Material shown:
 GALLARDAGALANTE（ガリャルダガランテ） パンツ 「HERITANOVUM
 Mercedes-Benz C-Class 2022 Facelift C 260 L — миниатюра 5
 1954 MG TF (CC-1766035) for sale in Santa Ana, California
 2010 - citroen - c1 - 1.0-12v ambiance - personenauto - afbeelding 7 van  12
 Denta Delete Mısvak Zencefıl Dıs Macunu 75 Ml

==

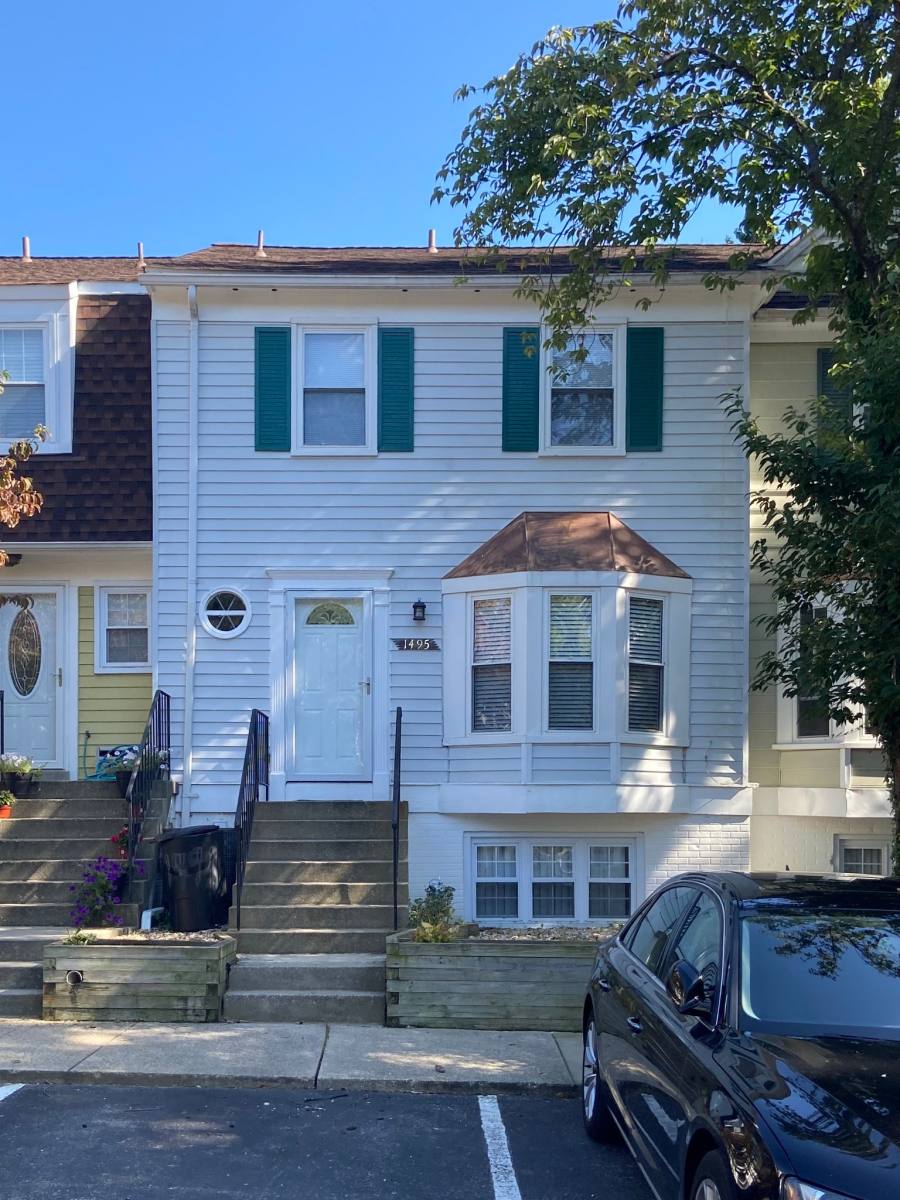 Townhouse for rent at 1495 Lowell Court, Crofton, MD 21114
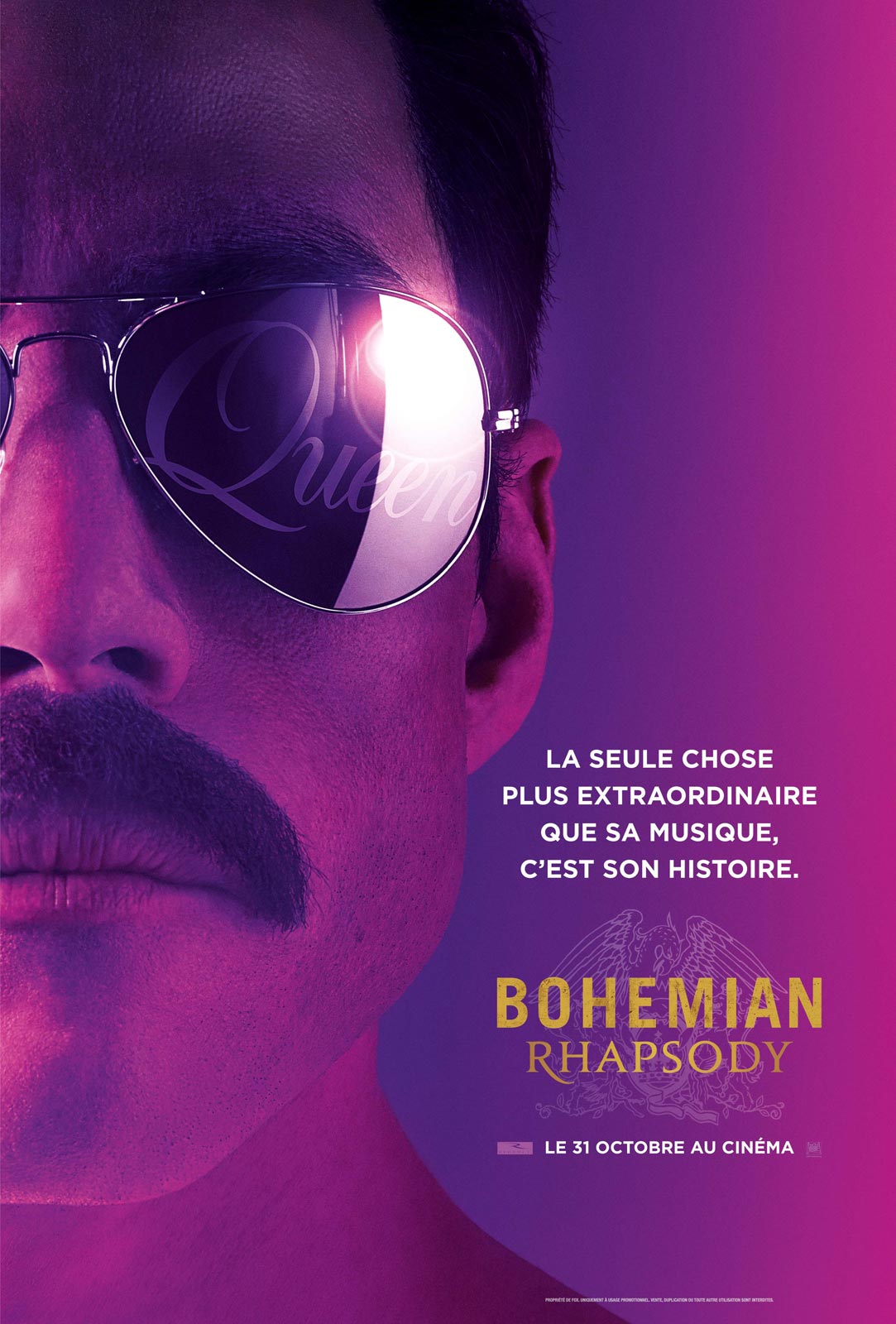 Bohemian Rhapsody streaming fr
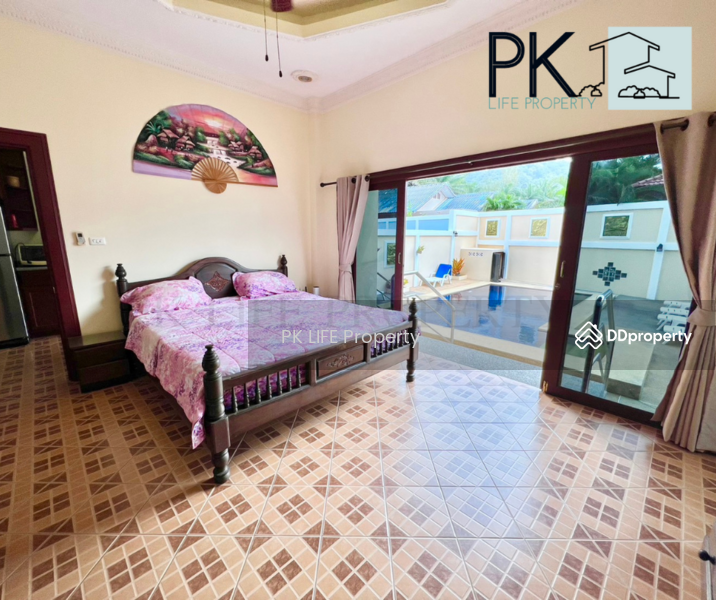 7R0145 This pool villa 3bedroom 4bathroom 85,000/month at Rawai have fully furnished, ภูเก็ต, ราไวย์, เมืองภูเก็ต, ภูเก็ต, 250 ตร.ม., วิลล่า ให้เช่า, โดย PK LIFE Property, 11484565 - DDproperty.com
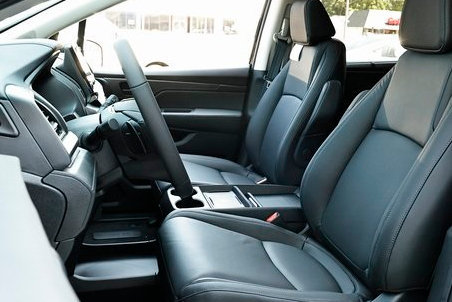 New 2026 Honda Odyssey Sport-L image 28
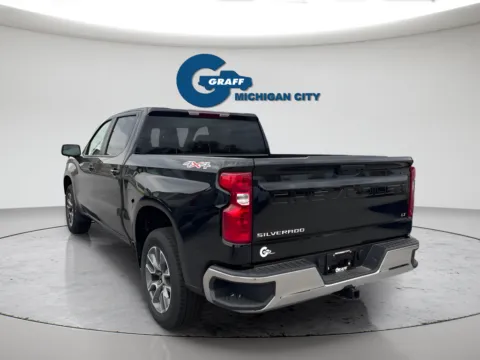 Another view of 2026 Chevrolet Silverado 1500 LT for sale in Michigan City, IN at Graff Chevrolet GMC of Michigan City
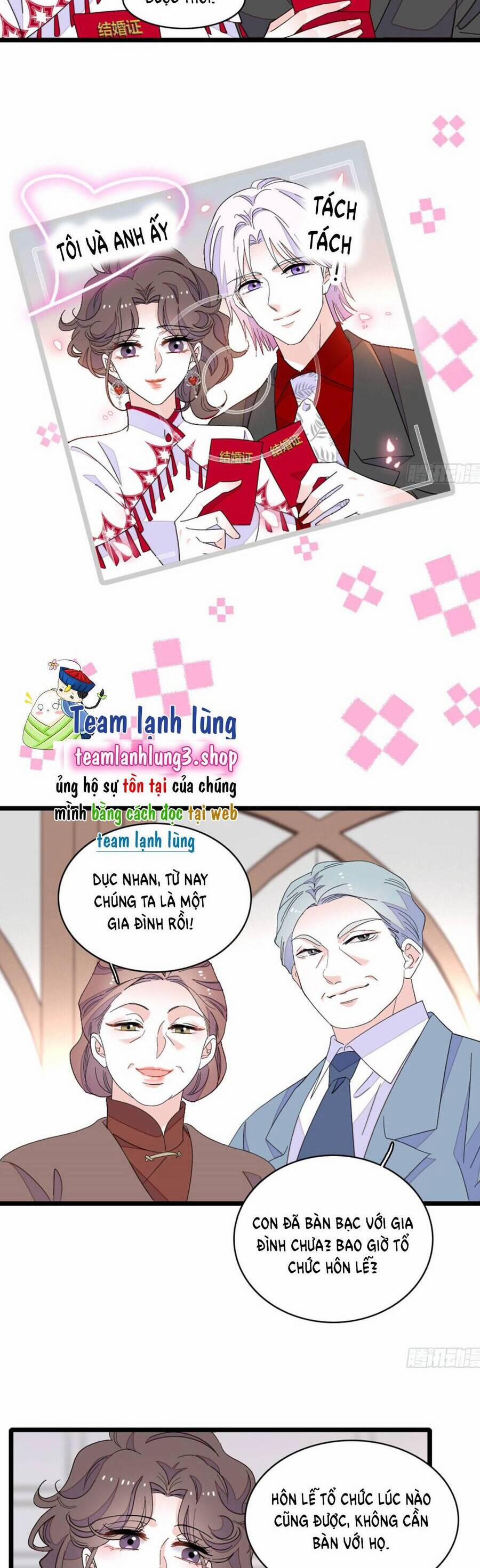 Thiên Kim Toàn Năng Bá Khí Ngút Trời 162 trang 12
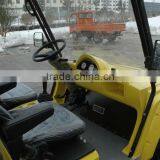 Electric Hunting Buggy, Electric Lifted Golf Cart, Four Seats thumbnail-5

What is required:
Among the records above, repeat exactly the line with "GALLARDAGALANTE（ガリャルダガランテ） パンツ 「HERITANOVUM", the line with "Denta Delete Mısvak", and every line in between, and only those.

The answer:
 GALLARDAGALANTE（ガリャルダガランテ） パンツ 「HERITANOVUM
 Mercedes-Benz C-Class 2022 Facelift C 260 L — миниатюра 5
 1954 MG TF (CC-1766035) for sale in Santa Ana, California
 2010 - citroen - c1 - 1.0-12v ambiance - personenauto - afbeelding 7 van  12
 Denta Delete Mısvak Zencefıl Dıs Macunu 75 Ml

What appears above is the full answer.